Because there are quite a few real Fire Line Soldiers on the market ... right?

On the other hand, it wouldn't have been bad to make the muskets with the bayonets attached. Then you could still use them in Hougoumont and simply detach the bayonets (if required). That would have been the better solution. :confused:

Re: No Bayonets but useful for Defense of Hougoumont ?

Probably when firing through loopholes or windows. But I think they may of still used the bayonets when defending the wall from above. Would be a helpful weapon in getting rid of those that tried to scale the walls.
Some poses with flank company shoulder rolls would of certainly helped to paint up some foot guard light companys for Hougoumont, but there arent any moulded.

Yes it is possible to sort through other sets to obtain suitable figures, but then that is a expensive way of doing it, getting multiple sets for just a few poses. Same as it would of been if someone only wanted marching figures. Imagine trying to get enough marching poses out the newer Italeri British set where theres only 3 in a box!! Thankfully, Strelets made a set dedicated to just that. And I thought that was the whole point of the recent Nap sets....they are performing a singular maneuver or task. Thus a much more economically viable proposition for the customer.
Also if we are going to just say theres already suitable poses dotted around here and there, the project as a whole may as well be dropped. For all nations. As there are sets out there that may have a pose marching or at shoulder arms etc already.

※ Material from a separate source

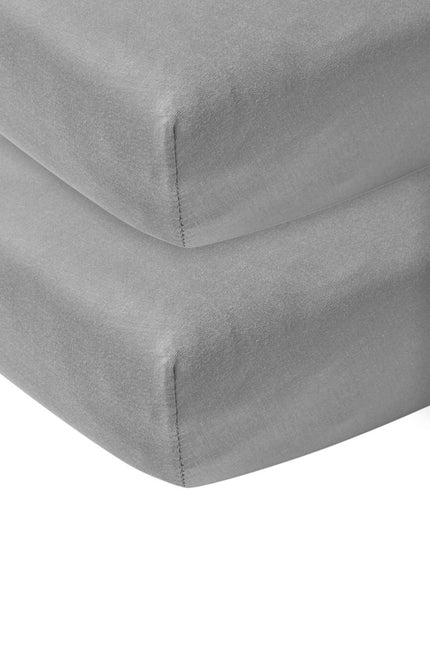 Meyco Hoeslaken Jersey 2St 50X90 Grijs koop je bij Babywinkel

Thing is even without the bayonet, there is something rather unsatisfactory about those muskets. They just look wrong. The poses are not the most convincing either. As someone else has said, a few of the poses look more like they are out shooting grouse!!
And we still come back to the same issue.....we asked for Napoleonic firing line sets. This set, as you have pointed out isnt really suited to that. Not for on a battlefield.
Yes some of us have had our expectations disappointed, but as I say, the request was for firing lines. This is what is ment to be the British set, hence being titled as such....and thus this effort is what Strelets gave us.....hence the disappointment among some.

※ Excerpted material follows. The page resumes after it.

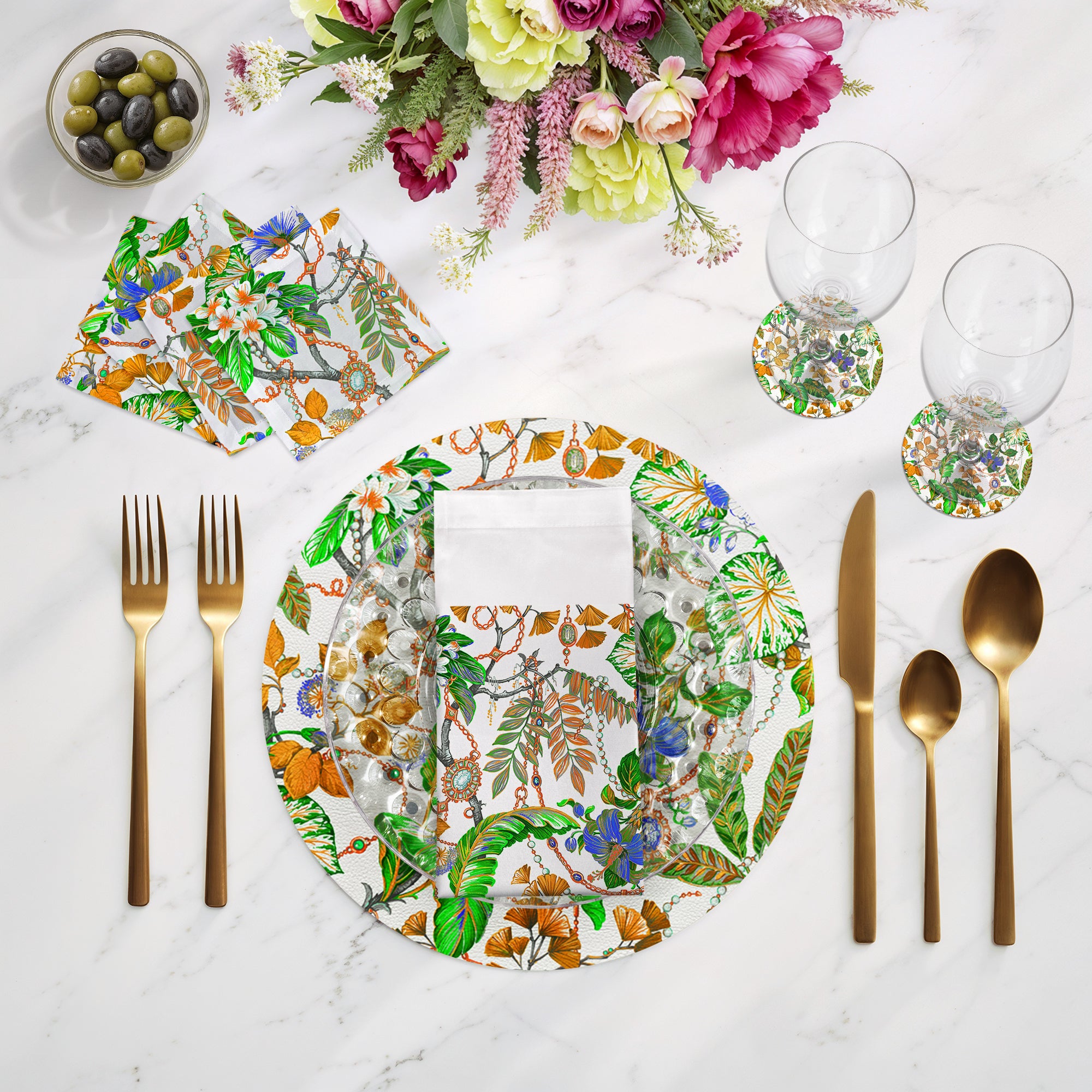 Plumeria Tangerine 16" Round Pebble Placemats, Set of 4 - nicolettemayer.com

I may buy 1 box to see if I cant use some of the poses. The wounded will find use. Their muskets look slightly better. The Sargent is a brilliant pose. But on the whole, its a set that i will pass on.
Hopefully other nations sets are better, but for proper British firing lines, I myself will look elsewhere among what plastic sets there are and of course metal...unless Strelets wants to do a true firing line as a part 2?!